First, some equations.

  • If you take a one-in-n chance, the probability of it coming off is \( \frac{1}{n} \). For example, if you roll a six-side die, the probability of rolling a 6 is \(\frac{1}{6}\).

  • The probability of the event not occurring is one minus the probability that it does occur,
    \(1 - \frac{1}{n}\).

  • The probability of trying twice and it not happening is the probability of it not happening the first time, times the probability of it not happening the second time:
    \((1 - \frac{1}{n}) \times (1 - \frac{1}{n})\), or \((1 - \frac{1}{n})^2\).

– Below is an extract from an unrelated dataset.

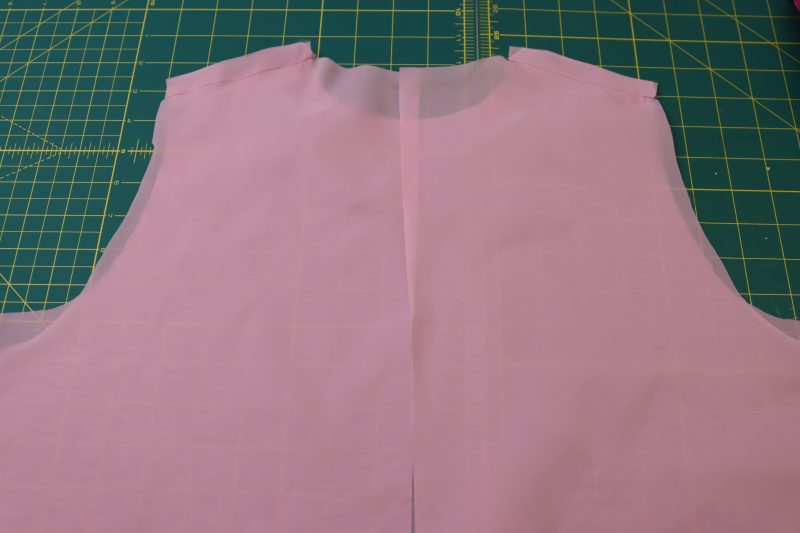 How To Sew Lining Shoulder Seams - Stretch Polyester Twill Lining - Mood Fabrics - Chelsea Brocade Set Free Sewing Pattern Tutorial - MDF508 - Mood Fabrics Sewciety Blog - Sew the lining shoulder seams.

  • Similarly, the probability of it not happening in \(n\) attempts is
    \((1 - \frac{1}{n})^n\)

  • So the probability that it does happen at least once is the probability that it doesn’t not happen,
    \(1 - (1 - \frac{1}{n})^n\)

For a one-in-two chance, this works out as
\(1 - (1 - \frac{1}{2})^2 = 1 - \frac{1}{4} = 75\%\).

For one-in-three, it’s around \(70.4\%\). For one-in-four, \(68.4\%\). As \(n\) increases, the answer gets closer and closer to \(1 - \frac{1}{e} \approx 63.2\%\), where \(e\) is Euler’s number.

Why \(1 - \frac{1}{e}\)? To be honest, you would have to ask someone better at maths than me, but I think it’s a pretty cool result.

Obligatory XKCD #

xkcd.com/882: “Significant”

Code #

library(tidyverse)
theme_set(theme_minimal(base_size = 16))
ns = 2:12 # Values of n

# Probability of one or more successes
prob_of_success = function(n){
  1 - (1 - 1/n)^n
}
probs = prob_of_success(ns)
limit_val = 1 - (1 / exp(1))

df = data.frame(
  n = ns,
  prob = probs
)
ggplot(df, aes(n, prob)) +
  geom_path() +
  geom_point() +
  coord_cartesian(ylim=c(.6, .8)) +
  scale_x_continuous(breaks=ns) +
  scale_y_continuous(labels=scales::percent) +
  geom_hline(yintercept=limit_val, linetype='dashed') +
  annotate('label', x=3, y=limit_val, label=expression(1  -  frac(1,'e'))) +
  labs(x = "Value of n", y="Probability of at\nleast one success",
       caption = "You take a one-in-n chance, n times.\nWhat's the probability you're successful at least once?")
ggplot(data.frame(n=2:100), aes(x=n)) +
  geom_function(fun=prob_of_success) +
  coord_cartesian(ylim=c(.6, .8)) +
  # scale_x_continuous(breaks=ns) +
  scale_y_continuous(labels=scales::percent) +
  geom_hline(yintercept=limit_val, linetype='dashed') +
  annotate('label', x=3, y=limit_val, label=expression(1  -  frac(1,'e'))) +
  labs(x = "Value of n", y="Probability of at\nleast one success",
       caption = "Limit as n goes to infinity")

Don’t trust my formula? I don’t blame you, I never trust anything I figure out myself. That’s why I double check it against a simulation.

sim_func = function(n, nsims=100000){
  outcomes = rbinom(n=nsims, size=n, prob=1/n)
  mean(outcomes > 0)
}
df$sim_p = map_dbl(ns, sim_func)
df %>%
  pivot_longer(-n) %>%
  mutate(name = ifelse(name=='prob', 'Formula', 'Simulation')) %>%
  ggplot(aes(n, value, color=name)) +
  geom_path() + 
  geom_point() +
  coord_cartesian(ylim=c(.6, .8)) +
  scale_x_continuous(breaks=ns) +
  scale_y_continuous(labels=scales::percent) +
  geom_hline(yintercept=limit_val, linetype='dashed') +
  labs(x = "Value of n", y="Probability of at\nleast one success", color = "Method",
       caption = "Formula agrees with simulation")